# Supplied material
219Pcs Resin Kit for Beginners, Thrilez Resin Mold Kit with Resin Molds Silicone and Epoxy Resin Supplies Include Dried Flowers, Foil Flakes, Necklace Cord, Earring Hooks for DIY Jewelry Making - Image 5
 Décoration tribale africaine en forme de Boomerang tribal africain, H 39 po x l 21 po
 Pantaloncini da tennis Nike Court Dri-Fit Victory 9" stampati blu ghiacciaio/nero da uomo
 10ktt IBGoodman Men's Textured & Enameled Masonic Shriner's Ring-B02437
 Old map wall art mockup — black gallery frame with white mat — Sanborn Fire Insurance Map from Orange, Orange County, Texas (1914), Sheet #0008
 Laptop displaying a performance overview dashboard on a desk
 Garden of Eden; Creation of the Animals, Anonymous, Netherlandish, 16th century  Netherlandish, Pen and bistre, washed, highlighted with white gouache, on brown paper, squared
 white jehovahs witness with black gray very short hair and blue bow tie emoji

# What to work on
Copy, please, every line from the start of the entries down to the line that holds "Laptop displaying a", with both of those lines included and no others.

# Your solution
219Pcs Resin Kit for Beginners, Thrilez Resin Mold Kit with Resin Molds Silicone and Epoxy Resin Supplies Include Dried Flowers, Foil Flakes, Necklace Cord, Earring Hooks for DIY Jewelry Making - Image 5
 Décoration tribale africaine en forme de Boomerang tribal africain, H 39 po x l 21 po
 Pantaloncini da tennis Nike Court Dri-Fit Victory 9" stampati blu ghiacciaio/nero da uomo
 10ktt IBGoodman Men's Textured & Enameled Masonic Shriner's Ring-B02437
 Old map wall art mockup — black gallery frame with white mat — Sanborn Fire Insurance Map from Orange, Orange County, Texas (1914), Sheet #0008
 Laptop displaying a performance overview dashboard on a desk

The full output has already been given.